■ Exercise
Would you transcribe the entries below, beginning at the line with "Faller 130121 Landmaschinenwerkstatt" and ending after the line with "Valentino Garavani Wasserdichte", exactly, with no picture and nothing more?

■ Dataset records
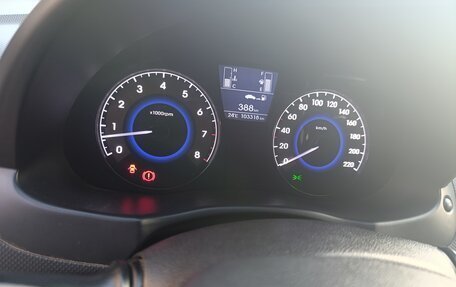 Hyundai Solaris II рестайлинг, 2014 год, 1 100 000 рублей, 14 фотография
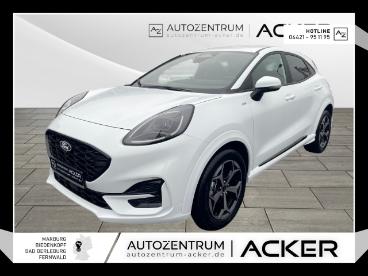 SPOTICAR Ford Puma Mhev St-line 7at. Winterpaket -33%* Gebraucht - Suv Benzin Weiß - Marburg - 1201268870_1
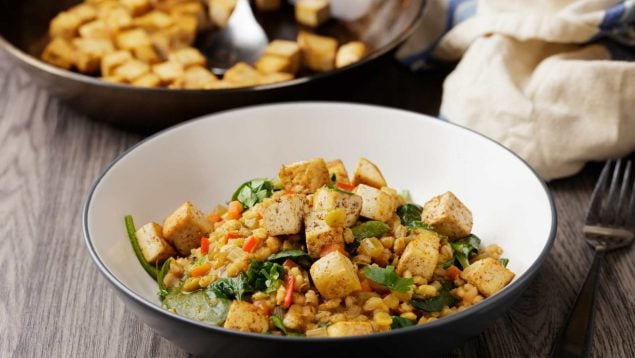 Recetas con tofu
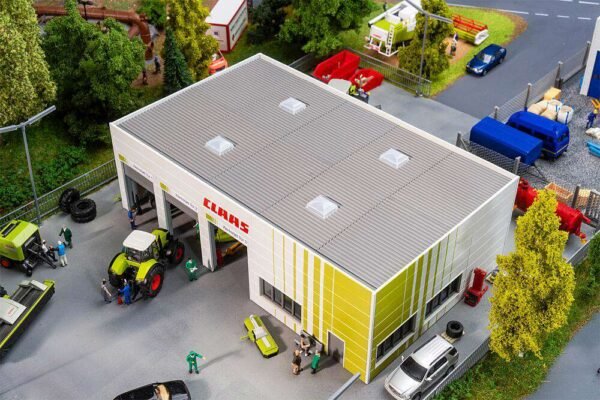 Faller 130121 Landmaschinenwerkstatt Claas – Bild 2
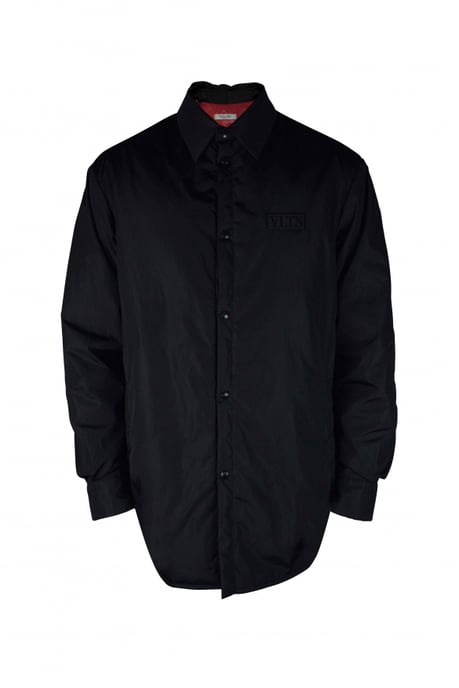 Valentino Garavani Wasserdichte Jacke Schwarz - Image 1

---

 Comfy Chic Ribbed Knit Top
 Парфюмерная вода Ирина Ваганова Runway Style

■ Response to this exercise
 Faller 130121 Landmaschinenwerkstatt Claas – Bild 2
 Valentino Garavani Wasserdichte Jacke Schwarz - Image 1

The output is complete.